Dateci un occhiata e ditemi se non vi sentite di nuovo
come quando avevate 6 anni e guardavate cose tipo...
Dopo un primo trailer di presentazione di stampo
supereroistico - adolescenziale stile X-Men/Chronicles/Amazig Spiderman ecco
finalmente spuntare fuori a far casino con i Rangers, in piena Angel Grove, gli
sgherri rocciosi di Elizabeth "Rita Repulsa" Banks (anche se
fanno un po' "sacchetto della monnezza" come i cattivi di Suicide
Squad, paiono almeno più colorati), Bryan "Zordon" Cranston
(porello.. ok che la bolletta è la bolletta però... porello), il robottino
Alpha 5 (e me lo hanno fatto uguale uguale alla serie Saban!!), le
bestie mistiche un bel mega mostrone (che scopriamo essere l'amatissimo
uomo-pantera-corazzato-blu Goldar) e pure l'ombra di un Megazord (che sembra
uno Jeager e non un poraccio in un costume ricavato da scatoloni di cartone).
E
finalmente annusiamo, gioiamo e strepitiamo davanti a un po' di quella strana
azione mista di Kung fu e miniciccioli esplosivi affrontata da tizi in pigiami
colorati che tanto ci esaltava da piccini.

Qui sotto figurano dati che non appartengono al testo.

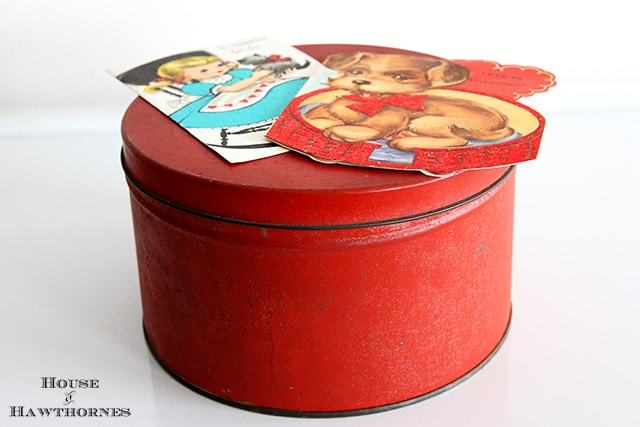 Rusty red tin with vintage Valentines.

Il cast tecnico, sceneggiatori e
produttori compresi è in larga parte composto da gente che ha realizzato il
recente The last witch hunter e ci vogliamo fidare. E a colpo d'occhio per
questi 2 minuiti scarsi non sembra realizzato per niente male!! Ovviamente
questo è un trailer e dei trailer c'è sempre da fidarsi con le pinze... pure
Israelite alla regia, dopo un Project Almanac carino e nulla più è un'incognita
(ma pare affiancato da Jonathan Liebesmas, un esperto di film dignitosi con
grossi effetti speciali come il primo film delle nuove Turtles e La furia dei
titani), ma qui l'hype, con tutti 'sti pupazzi gettati in campo... sale comunque
abbestia, in vista dell'uscita nostrana, prevista per inizio aprile.